The complaints from trade authors who believe their publisher is cheating on the sales reports seem to be based on the misapprehension that Amazon sales are always a good proxy for overall retail sales. This is only the case when a book is well stocked in the big retail chains and a smattering of independents as well. Often, a new book does well enough during the first couple royalty reporting cycles, and then sales turn negative as returns come in and no new bookstore orders materialize. Whether this happens in six months or six years depends not just on the initial success of the book, but how time dependent (current events or technology) the title is and whether new killer competition from a deep pockets publisher appears. In either case, the Amazon rank may remain more or less constant from the "good years" to the "bad years" or the rank may even rise in the bad years when the book can only be obtained online. Thanks to all of the remainders available from Third Party sellers, the book can maintain a relatively high rank while the royalty reports continue to show negative sales and returns.

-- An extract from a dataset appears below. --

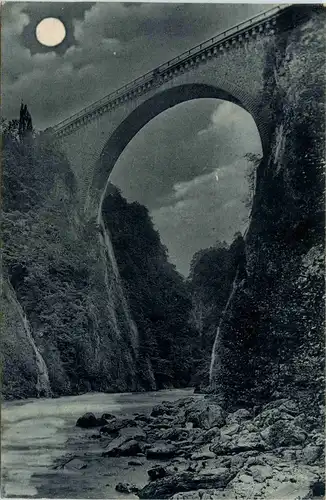 Luz St. Sauveur -405766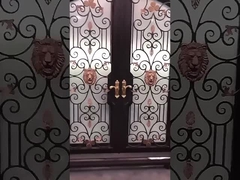 বাড়ির প্রধান নতুন শৈলী পেটা লোহার গেটস দাম নতুন ইস্পাত দরজা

I've even gotten a couple of complaints over the years from authors of new books, primarily subsidy published, who are positive they are being cheated because at least a hundred people promised to buy their book but their all time sales haven't reached ten copies. It's easier for a casual acquaintance to forget an off-hand promise to buy a book than for a publisher to cheat. I should also point out that almost all of the large subsidy publishers, many academic presses, and even some large trades, use Lightning Source to print some or all of their titles on demand. I occasionally get a note from a publisher asking if I believe that Lightning Source reports the number of books they print and sell into distribution honestly, and I always say yes. I've been using Lighting Source for four years, I track my sales through various channels closely, and I've never seen or heard of any evidence that they are intentionally under counting sales.